# Lupostef's Arden Corsa VXR 3 day detail & coated in Raceglaze Black Label



## Lupostef (Nov 20, 2011)

Hi guys :wave:
I've been a little quiet on the write ups recently after the mammoth GT3 thread put me off slightly :lol: 
So had some time off work recently and thought I'd give the VXR its spring spruce up and get it looking nice again before it went to Courtenay Sport for its stage 3 map  :thumb: 
Now for the task of remembering everything I did :lol: Not ahuge amount of pictures I'm afraid gents as I was getting in a little world of my own and kept forgetting myself :lol:
So first off the car was snowfoamed with Auto Finesse Avalanche 




All rubbers, grills, wheels, door shuts etc given the go over with APC and AF Hog Hair brushes. 

Leaving me with this 

Next up 2 bucket wash with Auto Finesse Lather and Carpro mitt 

Onto the decontamination stage and first used was Auto Finesse ObliTARate, always impressed with how well this little gem works as there was a fair amount of tar scattered all over the car! 



Next on the agenda was Auto Finesse Iron Out, works well but smells like the communal toilet in the curry house :lol:



With the decon now complete the car was then rolled into the garage for drying and taping up. 
I must add how impressed I was with the condition of the wheels and how the Gtechniq C5 has held up over the last 18 or so months. They were pretty spotless a few little tar spots and that's about it, it'll do for another few months until I make another order and I'll apply it again :thumb: Or until I fit the new brakes when obviously the wheels will be coming off .
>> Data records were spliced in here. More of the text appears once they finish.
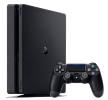 Игровые консоли Sony PlayStation 4 Б/У
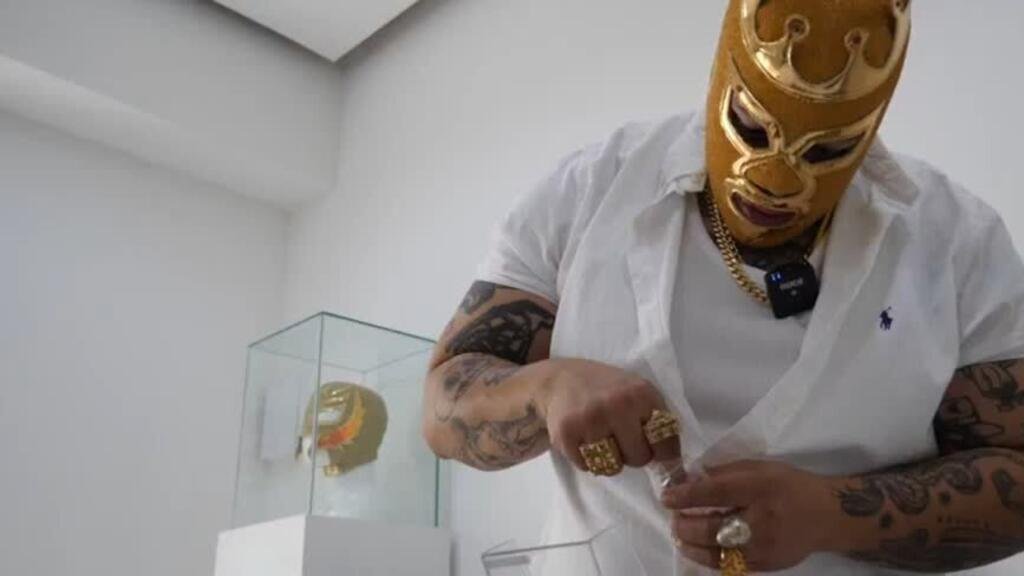 En México, la joyería urbana se vuelve tradición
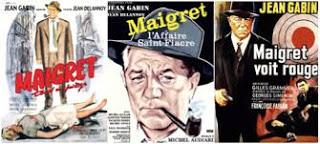 Inspector Maigret: Tend un piège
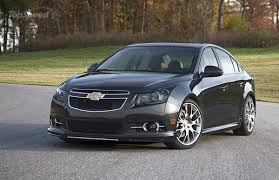 Chevrolet Cruze (2009-....)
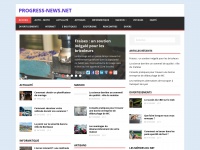 Progressnews.net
Gave the engine a clean up with APC, degreaser and various brushes, coated with 303 aerospace and left for around 12 hours before wiping over 




Door shuts, under the bonnet and inside the boot all polished and protected using Auto Finesse Triple 

Once taped up the PD8 came out for some paint depth readings, 




Fairly decent readings all over and depths varying from around 130-150 microns.
I could have one stepped the car to be honest as it didn't need much heavy correction, just a few little wash marring marks and a swirl or two. But I wanted to try a few different combos on VX paint so I cracked out the following…..
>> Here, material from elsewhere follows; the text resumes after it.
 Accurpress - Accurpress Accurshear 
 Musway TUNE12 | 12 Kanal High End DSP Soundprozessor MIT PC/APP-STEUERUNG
Right now this is where I got carried away over the two days polishing and didn't manage to take a single picture of either stages :lol:, so will sae you lot reading one of my usual long winded write ups I suppose thumb: 
So had a little play with these two combos and various pads/spot pads, and then refined a little further after an IPA wipedown with Auto Finesse Rejuvenate and a black CG hexlogic pad to leave a nice base for some Black Label :thumb: 
Really like Race Glaze Black Label to use and I've used a few  Spreads really far, literally a single swipe a panel, in fact I liked it that much I applied 6 coats the 3 days :lol:
So here's some finished shots, in the dark and on the third day :lol: 











Looked a lot better going for the remap at Courtenay Sport a bit fresher :thumb: made 242bhp  I'll upload the photos and videos to my build thread over the weekend.
Hope you enjoyed the short write up  
Any comments, questions, criticism etc welcome and thanks for reading :thumb: 
Stef :wave:


----------



## AaronGTi (Nov 2, 2010)

Looking good mate :thumb:


----------



## ABC Detailing (Jun 29, 2010)

Are they framed photos of AF products?! 

Car looks awesome!


----------



## tonyy (Jul 26, 2008)

Very nice:thumb:


----------



## AGRE (Sep 25, 2008)

Looking good :thumb:


----------



## luke w (Dec 11, 2012)

Lovely looking car mate!


----------



## stonejedi (Feb 2, 2008)

superb mate,love the gloss that the wax produces.SJ.


----------



## Scrim-1- (Oct 8, 2008)

Nice work Stef.


----------



## SuperNik (Apr 13, 2009)

Metallic blue cars always look awesome when detailed. V nice.


----------



## id_doug (Apr 6, 2011)

Nice write up and impressive results :thumb:


----------



## TopSport+ (Jul 22, 2012)

perfect mate


----------



## Type.R (Feb 4, 2012)

looking smart, loving that colour btw :argie:


----------



## MEH4N (Mar 15, 2012)

looking good bud


----------



## piston_warrior (Jul 25, 2012)

I love your Corsa and I bet the S3 map is savage. Great work


----------



## Lupostef (Nov 20, 2011)

Thank all .



chapppers11 said:


> Are they framed photos of AF products?!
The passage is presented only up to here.